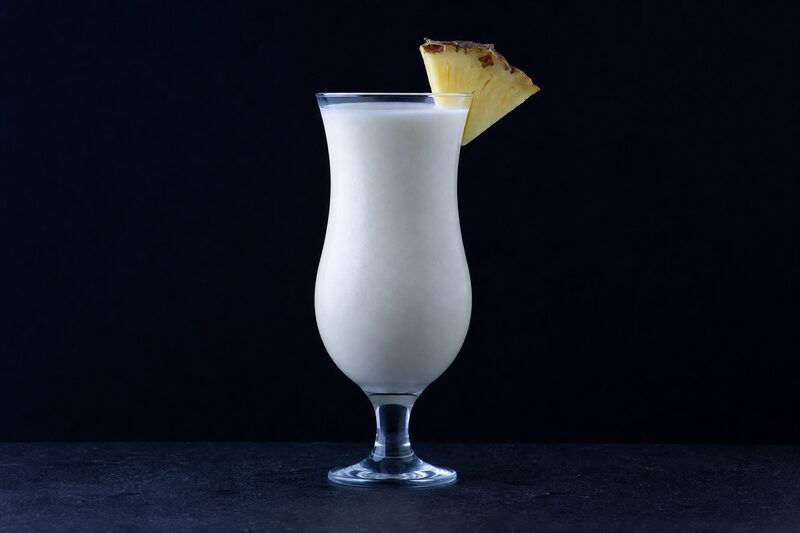 Bicchiere hurricane con una bevanda frullata densa e opaca, bianco crema, la superficie liscia e opaca, uno spicchio sottile di ananas sul bordo.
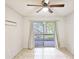 Bedroom with sliding glass doors to patio at 1600 Big Tree Rd # D2, South Daytona, FL 32119
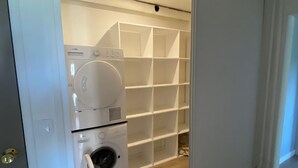Une buanderie équipée d’un lave-linge et d’un sèche-linge, avec un plancher en bois et une étagère blanche.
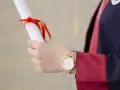 Main tenant un diplôme, une personne porte une robe de doctorat en anglais.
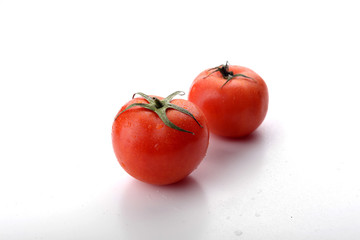 Two tomatoes isolated on white background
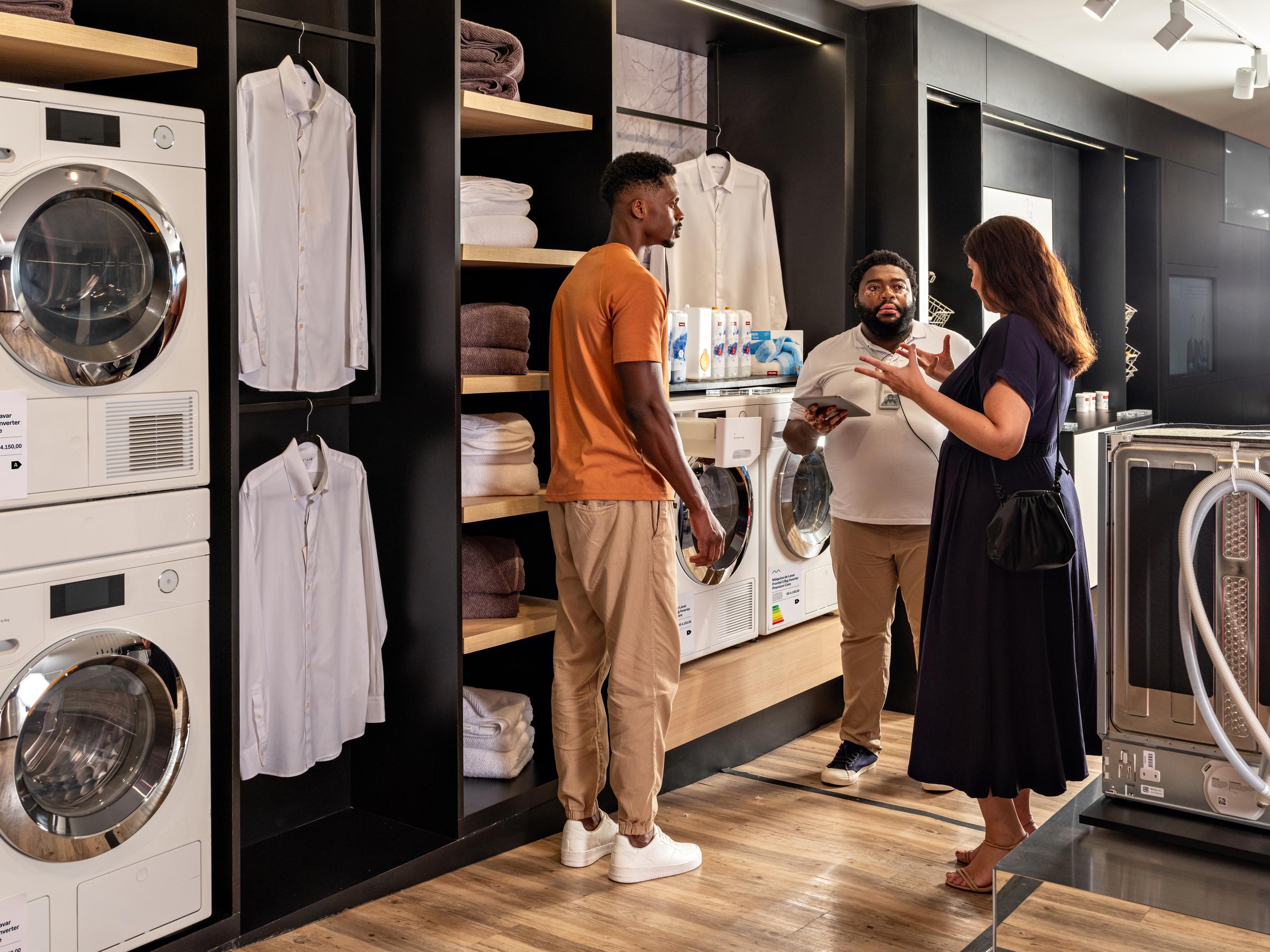 Shopping in white goods store for washing machine and other electronics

> [Directions for this task] Everything from the line containing "Two tomatoes isolated on white background" through the last line of the records above is to be reproduced exactly, except the pictures.

> [Solution]
 Two tomatoes isolated on white background
 Shopping in white goods store for washing machine and other electronics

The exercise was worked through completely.